One last comment- Wikiversity is not issuing degrees. Not now, most likely not ever- there's just too many problems and pitfalls with that idea. Its not a place to take an online course and get a Bachelor's, its a place to learn a subject. Meaning most likely we have motivated students, avoiding one huge problem of online courses (I know, I've both taken and helped run online courses at colegiate level). And we don't need to worry about something that doesn't exist meaning anything. Out only job is to try to put out the best learning material possible, and to improve on that material.--Gabe Sechan 19:03, 19 September 2005 (UTC)[reply]
You have to have the same in-depth knowledge to teach a lesson as to write an encyclopedia entry. However, to design a course, objectives and all, you have to already have experience teaching the material in order to know how to approach the subject and break it down. That's what teachers learn to do in their profession. It would be experienced teachers who put together courses rather than just those knowledgable on the topic. Certainly there are contributors able to do this, though fewer, especially as you go up in level.
The real problem is that professorship isn't so wiki because it's not aggregate. In retrospect, any early start would have to be driven by individuals, so my assessment of the current courses is not fair. More constructively, I was trying to suggest ways in which a course would be a collection of contributions rather than a one-man show, yet without reading like a book. Forums and chat, though interactive, don't fulfill that desire.
It's not that I object to a community of learning centered around Wiktionary or Wikibooks content, or even content developed to that end. It's just that I wouldn't consider that community to be wiki, per se. The question, essentially, is what Wikiversity could offer above that. Courses are naturally interactive in that there is always feedback provided on how much is being absorbed, so it would seem that this interaction must be captured in its essence in some joint, communal effort.
On language, I'm not comparing the teaching of different courses. The point is to prove their success, or more broadly the success of Wikiversity. Certainly the professor knows if the students learn what is taught, which would hopefully be pertinent and comprehensive. But that wouldn't prove anything to the masses. On the other hand, if a department takes up the task of teaching English, say, as a second language, any English speaker would be able to judge for themselves the degree of accomplishment. A functional language school would build belief and confidence in this concept for expansion to any other subject area.
Degrees aside, I would hope that this school, which has being both online and informal working against it, could at least arrange courses into some sort of hierarchy mimicking a real university. The ultimate goal of the program, recognized or not, must be to share the same content that real professors teach and students in those brick-and-mortars are credited for learning. 59.112.35.95 20:20, 27 September 2005 (UTC)[reply]

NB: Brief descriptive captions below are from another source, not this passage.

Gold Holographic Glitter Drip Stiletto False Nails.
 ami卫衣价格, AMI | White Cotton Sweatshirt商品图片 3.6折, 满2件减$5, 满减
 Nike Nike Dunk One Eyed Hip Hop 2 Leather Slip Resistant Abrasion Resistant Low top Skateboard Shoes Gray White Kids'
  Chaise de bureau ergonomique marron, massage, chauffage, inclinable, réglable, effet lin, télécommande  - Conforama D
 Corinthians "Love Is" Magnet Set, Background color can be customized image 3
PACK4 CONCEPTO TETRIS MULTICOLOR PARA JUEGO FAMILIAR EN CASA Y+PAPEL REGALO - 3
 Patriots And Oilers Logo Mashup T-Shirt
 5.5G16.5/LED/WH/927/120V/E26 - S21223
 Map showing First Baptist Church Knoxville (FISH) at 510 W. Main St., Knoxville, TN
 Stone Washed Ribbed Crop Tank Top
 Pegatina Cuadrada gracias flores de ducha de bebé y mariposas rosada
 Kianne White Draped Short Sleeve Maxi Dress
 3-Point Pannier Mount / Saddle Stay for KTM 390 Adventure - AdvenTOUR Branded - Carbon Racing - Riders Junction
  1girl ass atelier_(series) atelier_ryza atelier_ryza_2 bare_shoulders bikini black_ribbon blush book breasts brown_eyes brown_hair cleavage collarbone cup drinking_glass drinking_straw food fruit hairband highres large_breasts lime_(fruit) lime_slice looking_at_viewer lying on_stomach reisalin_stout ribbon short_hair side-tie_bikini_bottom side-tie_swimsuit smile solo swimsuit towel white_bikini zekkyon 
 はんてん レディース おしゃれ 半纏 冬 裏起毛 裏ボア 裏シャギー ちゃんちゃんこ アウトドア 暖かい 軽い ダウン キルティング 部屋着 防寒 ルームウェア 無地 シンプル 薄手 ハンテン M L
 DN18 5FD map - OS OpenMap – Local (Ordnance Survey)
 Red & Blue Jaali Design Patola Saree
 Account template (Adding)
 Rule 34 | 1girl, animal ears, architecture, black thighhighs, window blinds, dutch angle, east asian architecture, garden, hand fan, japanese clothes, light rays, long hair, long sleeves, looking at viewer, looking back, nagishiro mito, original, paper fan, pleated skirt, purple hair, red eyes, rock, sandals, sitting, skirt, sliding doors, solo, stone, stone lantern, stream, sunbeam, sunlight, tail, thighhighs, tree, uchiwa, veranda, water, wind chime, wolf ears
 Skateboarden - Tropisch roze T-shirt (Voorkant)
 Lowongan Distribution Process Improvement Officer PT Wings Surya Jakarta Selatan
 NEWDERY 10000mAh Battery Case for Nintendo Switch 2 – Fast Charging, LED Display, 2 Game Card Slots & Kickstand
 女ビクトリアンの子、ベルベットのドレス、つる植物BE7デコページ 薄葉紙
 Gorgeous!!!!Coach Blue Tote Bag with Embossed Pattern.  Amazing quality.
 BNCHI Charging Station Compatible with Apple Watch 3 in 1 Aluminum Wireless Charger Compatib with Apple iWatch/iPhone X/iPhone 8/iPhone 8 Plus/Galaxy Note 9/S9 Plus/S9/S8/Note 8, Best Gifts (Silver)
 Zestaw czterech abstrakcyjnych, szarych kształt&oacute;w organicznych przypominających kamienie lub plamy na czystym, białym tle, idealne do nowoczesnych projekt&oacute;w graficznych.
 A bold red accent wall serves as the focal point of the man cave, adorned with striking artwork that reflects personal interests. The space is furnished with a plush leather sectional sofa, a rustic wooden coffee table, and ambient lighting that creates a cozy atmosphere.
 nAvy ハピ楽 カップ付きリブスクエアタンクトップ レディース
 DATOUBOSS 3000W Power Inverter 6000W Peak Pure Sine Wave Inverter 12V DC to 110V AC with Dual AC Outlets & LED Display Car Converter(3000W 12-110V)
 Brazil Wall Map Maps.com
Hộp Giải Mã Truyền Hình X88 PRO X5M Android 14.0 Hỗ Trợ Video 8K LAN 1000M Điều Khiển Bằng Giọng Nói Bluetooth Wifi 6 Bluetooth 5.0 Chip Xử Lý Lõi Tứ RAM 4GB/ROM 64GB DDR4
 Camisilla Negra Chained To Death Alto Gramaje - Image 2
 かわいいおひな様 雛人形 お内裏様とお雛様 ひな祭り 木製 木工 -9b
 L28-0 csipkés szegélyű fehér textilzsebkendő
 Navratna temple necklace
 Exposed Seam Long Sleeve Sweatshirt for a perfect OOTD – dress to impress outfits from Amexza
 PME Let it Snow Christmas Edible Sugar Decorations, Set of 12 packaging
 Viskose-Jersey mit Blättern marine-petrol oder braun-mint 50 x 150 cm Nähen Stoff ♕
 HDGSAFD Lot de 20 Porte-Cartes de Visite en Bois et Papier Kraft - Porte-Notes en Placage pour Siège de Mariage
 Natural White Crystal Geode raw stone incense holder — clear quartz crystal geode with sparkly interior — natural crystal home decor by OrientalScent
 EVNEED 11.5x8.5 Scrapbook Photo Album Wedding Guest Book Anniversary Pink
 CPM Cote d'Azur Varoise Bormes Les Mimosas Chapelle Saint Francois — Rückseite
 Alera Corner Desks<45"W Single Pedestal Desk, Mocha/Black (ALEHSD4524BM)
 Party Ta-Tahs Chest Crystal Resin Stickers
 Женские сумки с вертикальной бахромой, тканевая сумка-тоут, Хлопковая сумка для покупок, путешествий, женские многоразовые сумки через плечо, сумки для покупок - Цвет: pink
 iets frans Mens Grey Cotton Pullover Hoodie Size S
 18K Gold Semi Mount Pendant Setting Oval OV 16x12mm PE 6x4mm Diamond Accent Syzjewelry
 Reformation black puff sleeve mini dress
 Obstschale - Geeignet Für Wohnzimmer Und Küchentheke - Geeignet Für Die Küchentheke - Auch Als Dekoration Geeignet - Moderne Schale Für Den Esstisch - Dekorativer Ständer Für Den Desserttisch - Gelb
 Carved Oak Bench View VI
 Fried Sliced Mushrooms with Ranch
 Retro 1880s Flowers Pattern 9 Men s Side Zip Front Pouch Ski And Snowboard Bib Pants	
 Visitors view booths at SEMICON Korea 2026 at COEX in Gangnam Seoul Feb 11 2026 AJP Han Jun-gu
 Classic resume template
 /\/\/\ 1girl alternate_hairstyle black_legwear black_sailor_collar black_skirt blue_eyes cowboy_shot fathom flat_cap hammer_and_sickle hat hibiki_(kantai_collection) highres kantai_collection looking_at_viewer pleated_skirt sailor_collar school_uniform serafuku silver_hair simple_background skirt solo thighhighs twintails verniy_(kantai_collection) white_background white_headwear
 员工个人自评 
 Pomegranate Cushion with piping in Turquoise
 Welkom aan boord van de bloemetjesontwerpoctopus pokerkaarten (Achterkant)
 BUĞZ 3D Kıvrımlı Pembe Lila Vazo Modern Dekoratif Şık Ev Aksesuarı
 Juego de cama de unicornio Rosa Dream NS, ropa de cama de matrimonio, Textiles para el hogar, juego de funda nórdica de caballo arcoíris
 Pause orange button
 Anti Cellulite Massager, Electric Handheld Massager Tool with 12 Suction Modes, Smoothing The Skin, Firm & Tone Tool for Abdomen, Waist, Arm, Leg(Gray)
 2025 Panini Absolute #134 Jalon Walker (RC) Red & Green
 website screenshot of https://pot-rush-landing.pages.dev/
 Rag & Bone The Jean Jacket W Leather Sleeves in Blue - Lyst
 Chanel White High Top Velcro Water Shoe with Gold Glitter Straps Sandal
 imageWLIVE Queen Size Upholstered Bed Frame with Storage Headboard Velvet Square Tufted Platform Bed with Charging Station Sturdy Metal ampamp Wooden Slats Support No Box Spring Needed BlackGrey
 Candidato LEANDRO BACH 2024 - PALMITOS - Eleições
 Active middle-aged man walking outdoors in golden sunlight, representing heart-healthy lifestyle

Software: If we went live today on, say, en.wikiversity.org with the set of tools we now have, would it prevent us from implementing ideas/initiatives down the line or could those functionalities be added down the line? Is the software issue an obstacle at the moment, or would it just be nice to have these things? (And what things?) Cormaggio 09:53, 23 August 2005 (UTC)[reply]

There is a list of desired software modifications. My top priority would be some type of PHP-based form that could be used for quizes or exams, with the results sent directly to instructors. I'm not a big fan of testing, but students and instructors need some kind of feedback in order to tell if learning is happening. I've been wondering if there could be some way to do RSS feeds for each course. A student should not have to go hunting for new material and assignments and other documents for courses. --Memenen 21:14, 23 August 2005 (UTC)[reply]
Ok great, but that wasn't really my question. Everyone will have ideas on what functionalities they would like, but my question is: will it be harder to implement these later on or could we just set up a domain now more or less with what we have now and add these features later on? Essentially, what are we waiting for? (I am just asking here - I genuinely don't know) Cormaggio 00:27, 24 August 2005 (UTC)[reply]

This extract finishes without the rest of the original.